▸ MATERIAL PROVIDED

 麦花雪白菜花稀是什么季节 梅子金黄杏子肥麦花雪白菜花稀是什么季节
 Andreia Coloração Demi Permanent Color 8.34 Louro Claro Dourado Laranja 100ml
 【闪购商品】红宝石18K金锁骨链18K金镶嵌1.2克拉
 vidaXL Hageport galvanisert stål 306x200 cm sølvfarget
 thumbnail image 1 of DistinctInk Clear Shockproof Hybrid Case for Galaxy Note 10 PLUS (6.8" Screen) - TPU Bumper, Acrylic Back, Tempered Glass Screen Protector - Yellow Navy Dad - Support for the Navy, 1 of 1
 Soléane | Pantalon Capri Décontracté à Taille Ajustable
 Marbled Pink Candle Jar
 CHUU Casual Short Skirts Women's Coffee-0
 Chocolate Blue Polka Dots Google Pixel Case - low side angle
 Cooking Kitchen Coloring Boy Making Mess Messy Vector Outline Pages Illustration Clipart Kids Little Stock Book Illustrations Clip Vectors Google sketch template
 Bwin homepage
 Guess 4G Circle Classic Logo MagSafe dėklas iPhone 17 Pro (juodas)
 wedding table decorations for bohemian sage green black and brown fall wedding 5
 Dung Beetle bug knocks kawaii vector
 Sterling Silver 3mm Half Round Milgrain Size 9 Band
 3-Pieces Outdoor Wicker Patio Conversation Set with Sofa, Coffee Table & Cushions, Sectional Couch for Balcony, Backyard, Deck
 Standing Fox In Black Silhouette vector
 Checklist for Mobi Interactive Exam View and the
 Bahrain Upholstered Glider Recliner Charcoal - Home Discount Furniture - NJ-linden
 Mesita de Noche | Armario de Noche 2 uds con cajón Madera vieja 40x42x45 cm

▸ GOAL OF THE EXERCISE
Copy every line of the material in which the word "Case" occurs.

▸ EXERCISE RESPONSE
 thumbnail image 1 of DistinctInk Clear Shockproof Hybrid Case for Galaxy Note 10 PLUS (6.8" Screen) - TPU Bumper, Acrylic Back, Tempered Glass Screen Protector - Yellow Navy Dad - Support for the Navy, 1 of 1
 Chocolate Blue Polka Dots Google Pixel Case - low side angle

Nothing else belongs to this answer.